The Leeds to Scarborough line was eventually abandoned owing to the economic downturn, although some sections were completed including the Cross Gates - Wetherby line which opened on 1 May 1876 with intermediate stations at Scholes, Thorner, Bardsey and Collingham Bridge.  The junction at Wetherby faced Church Fenton so it was not possible to run trains into Harrogate. This was rectified in 1901 when the line was doubled and a new curve facing Harrogate was built at Wetherby.

Cross Gates - Harrogate now became an important alternative route to the L&TR which was used increasingly by goods traffic and by the recently introduced Liverpool to Newcastle passenger expresses, which we now able to avoid a reversal at Leeds. As this route by-passed Wetherby station, which was sited to the east of the town, a new Wetherby station opened on 1 July 1902 at the south end of the new triangular junction, with the old station being retained for goods.

In 1902 the Great Northern Railway started running express services from Kings Cross to Harrogate via the Church Fenton to Harrogate line, with three daily trains in each direction. These continued after the grouping in 1923 and included the prestigious 'Harrogate Pullman'.  Although the Cross Gates to Harrogate line was always considered the major route, the August 1906 timetable shows a good service on both lines with a mixture of stopping and express services. Express trains from London over the Church Fenton - Wetherby line had stopped running by 1947. 

Wetherby racecourse opened in 1891, and an untimetabed station was opened c1924 to serve it.  This was last used on 18 May 1959, but racecourse specials continued to run to Wetherby station from Bradford Exchange on race days until 1963. A new station called Penda's Way, between Scholes and Cross Gates, was opened on 5 June 1939 to serve the growing residential development in that area.

In March 1940, additional traffic came to the Church Fenton to Wetherby line when a Royal Ordnance Factory was opened at Thorp Arch just to the north of the station.
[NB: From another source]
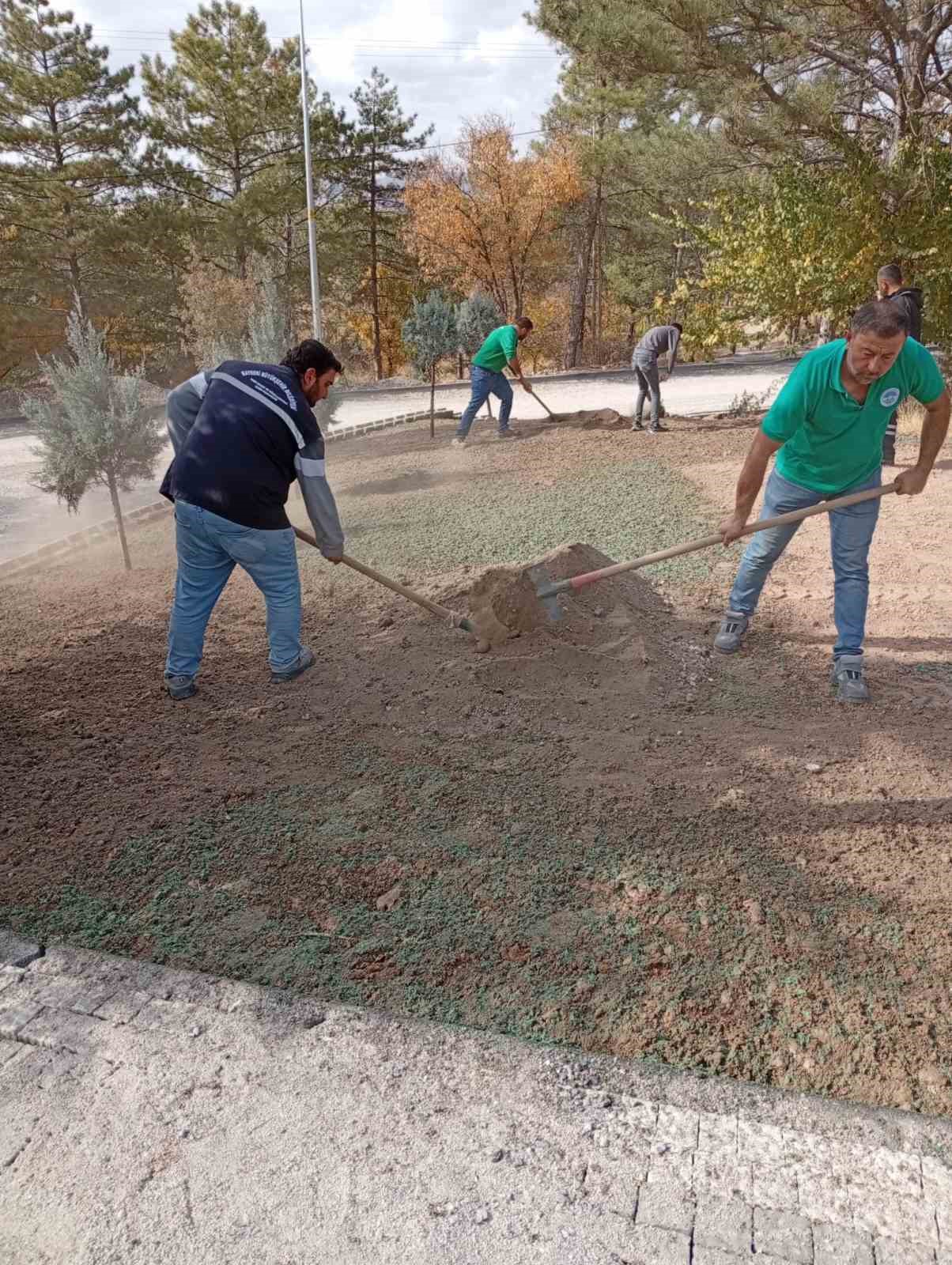Büyükşehirin Sarımsaklı Barajı Mesire Alanı’nda yenileme çalışmaları tüm hızıyla sürüyor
It was constructed for the Ministry of Supply and built on a 450 acre site. It took 18 months to build and cost £5.9 million. Thorp Arch was considered to be an ideal site, away from the large centres of population, possessing a reliable water supply, good rail links and proximity to the A1 trunk road. Workers were brought in from Leeds, Selby, York and all surrounding areas. 10,000 people, mainly women, were employed there at the height of production, and it is believed to have had 619 buildings. In World War II it produced light and medium gun ammunition, heavy ammunition, mines and trench mortar ammunition for the Army; medium and large bombs for the RAF; and 20mm and other small arms ammunition for all three services.

It was linked to the London & North Eastern Railway, which was used in its construction, for supplying raw materials and for transporting away filled munitions. The factory was served by a 6½-mile single-track circular railway with four platforms for munitions workers: these were named River, Ranges, Roman Road and Walton. Special workmen's trains ran from Leeds and Bradford Exchange and from as far afield as Hull and Doncaster on Monday to Saturday calling at the four halts. The last passenger traffic was in 1957 when the five unadvertised trains were withdrawn.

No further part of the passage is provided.